───── DATA EXTRACT

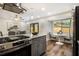 Spacious eat-in kitchen with stainless steel appliances, and granite countertops at 1857 Taffeta Trl, Lithonia, GA 30058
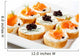 Mini sandwiches - bagel with cream cheese, salmon, caviar Wall Mural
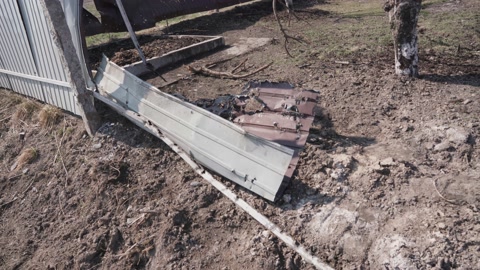 War in Ukraine. The fence was destroyed by a shell explosion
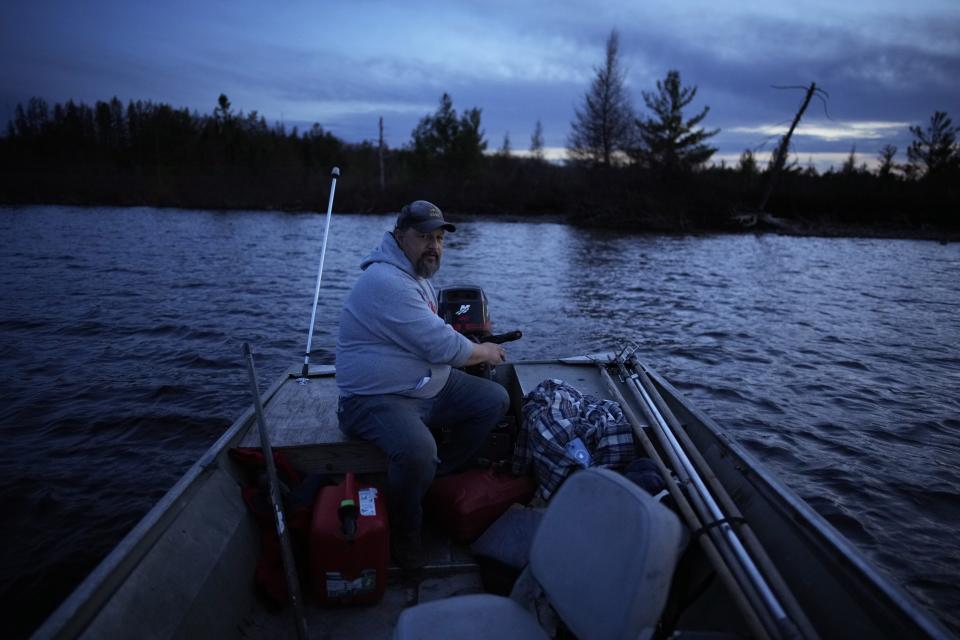 Jason Bisonette drives his boat while spearfishing with his son on the Chippewa Flowage Monday, April 15, 2024, near Hayward, Wis. (AP Photo/John Locher)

──────────

The expected output is an exact retyping of the lines from the line with "War in Ukraine." through the last line of the data, with both ends kept and the pictures dropped.

 War in Ukraine. The fence was destroyed by a shell explosion
 Jason Bisonette drives his boat while spearfishing with his son on the Chippewa Flowage Monday, April 15, 2024, near Hayward, Wis. (AP Photo/John Locher)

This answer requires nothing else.